I want to create a box plot of data in a DataFrame grouped by more than one variable (column value). Is there a compact high-level way to do this? The following does not work:
‘’'using DataFrames, StatsPlots
dfa = DataFrame(a = [0, 1, 0, 1, 0, 1, 0, 1],
b = [1, 1, 1, 1, 2, 2, 2, 2],
dat = randn(8))
@df dfa boxplot(:dat, group=([:a, :b]))‘’’

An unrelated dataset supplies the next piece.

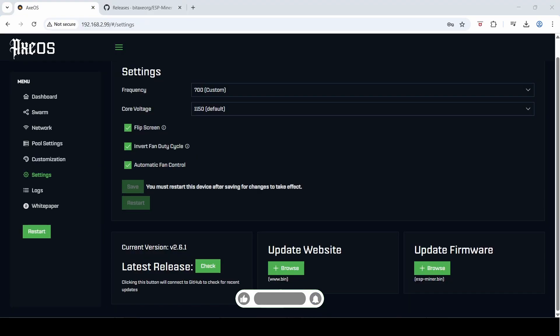Okay guys, so that's how you update your Bitaxe AXeOS firmware. If you've got any questions, please leave comments below.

Not sure if this is what you need, but just in case:
using DataFrames, StatsPlots
dfa = DataFrame(a = [0, 1, 0, 1, 0, 1, 0, 1],
b = [1, 1, 1, 1, 2, 2, 2, 2],
dat = randn(8))
gdf = groupby(dfa, [:a, :b])
nt = NamedTuple.(keys(gdf))
plot(legend=:outertopright)
i = 1
for (k,v) in pairs(gdf)
@df v boxplot!(:dat, label="$(nt[i])")
i += 1
end
Plots.current()
2 Likes
AFAIC @df dfa boxplot(:dat, group=(:a, :b))

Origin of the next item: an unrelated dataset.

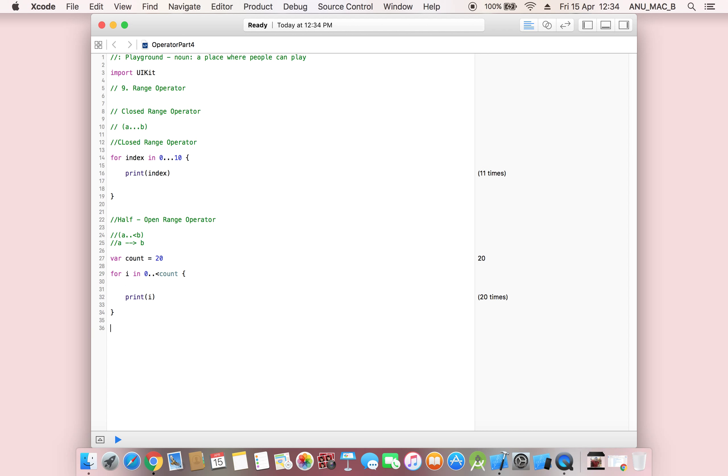Next, we will discuss the logical operator in the next lecture. Thank you.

should work and it’s a big if it doesn’t
It does not work properly - although there are 4 categories (which is accurately reflected in the legend), it generates 8 bars (one for each data point):
Someone kindly gave an answer on GitHub - the first argument needs to be the labels of the groups:
@df df boxplot(string.(tuple.(:a, :b)), :dat, group=(:a, :b))
1 Like